Buccaneers 17 Panthers 19- Remember all that talk about the miserable NFC South before? Yeah, look at this pile of soiled undergarments as further proof. In fairness, Panthers QB Cam Newton did not play after almost dying in a car accident, but if you’re the Bucs and you give up almost 400 yards to Derek Anderson and company, you really can’t claim you’re playing for pride anymore, because you clearly don’t have any.
Bengals 30 Browns 0- 10-for18 for 80 yards. That was either the meager beginnings of the glory age of Cleveland Browns football; or it was the first in a VEEEEERRRRYYY long list of stat lines of a first round bust. Either way, the Johnny Manziel era is here- for better or for worse. The only non-Bengals personnel that felt good about this one was Brian Hoyer. Bengals RB Jeremy Hill ran over, around, and through the Browns defense in the first half, staking the Bengals to a big lead in a division game. I didn’t believe they were capable of answering the bell, but they did. With a little help from Manziel.
Jets 16 Titans 11- Jets RB Chris Ivory scores a 1-yard touchdown with 3 minutes left to propel the Jets to victory (see what I did there?) I just can’t think of anything worth noting other than a brawl that broke out when one player from a crappy team hit the quarterback of the other crappy team and they all broke out in craptastic fashion and tried to prove who was the crappiest. Crap.
Broncos 22 Chargers 10- Hey San Diego! Peyton Manning needed 4- that’s right, 4- IV bags overnight because he was so sick you still couldn’t beat the Broncos. Kudos go to the Broncos defense as they played big when their leader was simply not 100%. Featuring a run-heavy offense, the Broncos made Manning throw the ball as little as possible and counted on their defense to keep the Chargers off the board.
49ers 7 Seahawks 17- A Seahawks grinder where QB Russell Wilson didn’t really play that well and 49ers QB Colin Kaepernick likewise didn’t pass all that well. Once again these two teams resort a defensive slugfest and Seattle was just better at crossing the goalline. It’s amazing how many games you win when you do that.
Vikings 14 Lions 16- Are you ready for this? The Minnesota Vikings outplayed the Detroit Lions in just about every way- except for turnovers. But hey, when you have rookie QB these things happen. The Lions offense was inept for the most of the day and their defense did what they needed to do- keep the Vikings from scoring and come up with a timely turnover. They got two. If you’re a Vikings fan, you’re jazzed but losing still sucks.

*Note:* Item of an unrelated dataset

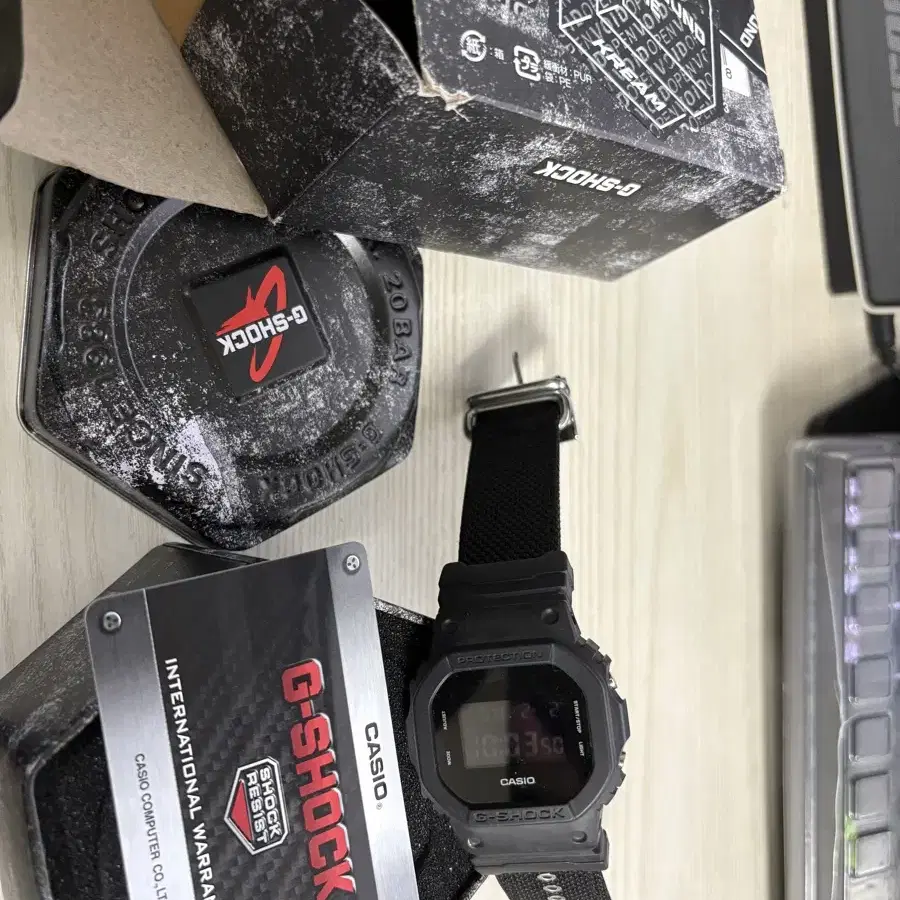 지샥 시계, 풀박스 구성, G-SHOCK DW-5600BB-1 시계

Cowboys 38 Eagles 27- The Cowboys come away with a game they absolutely had to have after getting their hindquarters handed to them by the Eagles a few weeks ago. The Cowboys went up big and then held on for dear life as QB Tony Romo tried his best to sabotage the whole thing with a fumble on a strip-sack after he held the ball for about an hour and a half. Spray Tan Murray scored a couple of TD’s and WR Dez Bryant caught 3 of his own to help Dallas outlast the team they entered the day tied for the division lead with.